If I change link::pointer to be a std::unique_ptr, the errors I get are all within reverse() and show() (both of which I would implement outside of the class - the first as a specialization of std::reverse). But I'm guessing you implemented them as members for the educational value, so I'll continue. For show, you want to traverse the pointers without transferring ownership, so you can't use unique pointers for your traversal. But you know you can safely use raw pointers as long as you don't let them leak outside the objects' lifetimes:

template<typename T>
void linked_list<T>::show()
{
    auto current = head.get();
    while (current)
    {
        std::cout << current->data << std::endl;
        current = current->next.get();
    }
}

Your reverse() method does want to take ownership, and can use std::move() to do so:

template<typename T>
void linked_list<T>::reverse()
{
    if (!head) return;

    link_pointer prev;
    link_pointer next;

    while (head->next)
    {
        next = std::move(head->next);
        head->next = std::move(prev);
        prev = std::move(head);
        head = std::move(next);
    }
    head->next = std::move(prev);
}

To add elements in O(1) time rather than O(n) time, maintain a (non-owning) pointer to the tail of the list:

template<typename T>
class linked_list
{
    using link_pointer = typename link<T>::pointer;

private:
    link_pointer head = {};
    link<T> *tail = nullptr;
};

template<typename T>
void linked_list<T>::push(T elem)
{
    auto new_link = new link<T>(std::move(elem));

    if (tail)
        tail->next.reset(new_link);
    else
        head.reset(new_link);
    tail = new_link;
}

Minor style points:

  • You can write empty argument lists as () rather than C-style (void).
  • The show() method can be const.
  • It's a bit more idiomatic to allow (raw or smart) pointer types to convert to bool than to test against nullptr:

    {
        if (head)
            head->add_to_end(elem);
        else
            head.reset(new link<T>(elem));
    }
    
  • Constructors that immediately store their arguments can move from the argument:

    link(T value) : data{std::move(value)} {}
    

    This reduces copying (which may become more important when T is bigger than the int used in the test program).

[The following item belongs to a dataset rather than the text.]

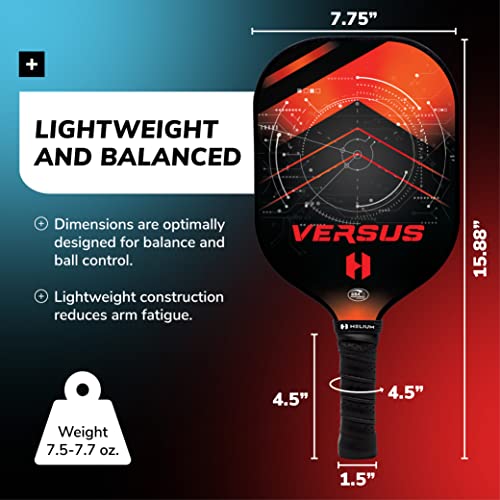 Helium Pickleball Paddles Set of 4 - USAPA Certified - Graphite Fiberglass Surface, Lightweight Honeycomb Core (Versus)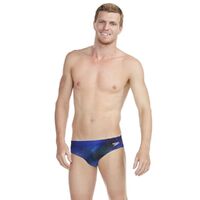 Speedo Men's Allover Printed 7cm Brief Swimwear - Beautiful Blue/Bolt/Carrot Cake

Putting it all together, I get:

#include <iostream>
#include <memory>

template<typename T>
struct link
{
    using pointer = std::unique_ptr<link>;

    T data;
    pointer next = {};

    link(T value) : data{std::move(value)} {}
};

template<typename T>
class linked_list
{
    using link_pointer = typename link<T>::pointer;

public:
    linked_list() = default;
    ~linked_list() = default;

    void push(T elem);
    void show() const;
    void reverse();
private:
    link_pointer head = {};
    link<T> *tail = nullptr;
};

template<typename T>
void linked_list<T>::push(T elem)
{
    auto new_link = new link<T>(std::move(elem));

    if (tail)
        tail->next.reset(new_link);
    else
        head.reset(new_link);
    tail = new_link;
}

template<typename T>
void linked_list<T>::reverse()
{
    if (!head) return;

    link_pointer prev;
    link_pointer next;

    while (head->next)
    {
        next = std::move(head->next);
        head->next = std::move(prev);
        prev = std::move(head);
        head = std::move(next);
    }
    head->next = std::move(prev);
}

template<typename T>
void linked_list<T>::show() const
{
    auto current = head.get();
    while (current)
    {
        std::cout << current->data << std::endl;
        current = current->next.get();
    }
}


int main()
{
    linked_list<int> list;

    list.push(1);
    list.push(2);
    list.push(3);

    list.show();
    list.reverse();
    list.show();
}

For your next steps, I think you'll want to add an iterator type and suitable begin() and end(). Then you'll be able to remove show() and replace it with a simple for (const auto& e: list) std::cout << e;

P.S. Thank you for providing the test program with the code - that certainly makes trying out changes easier!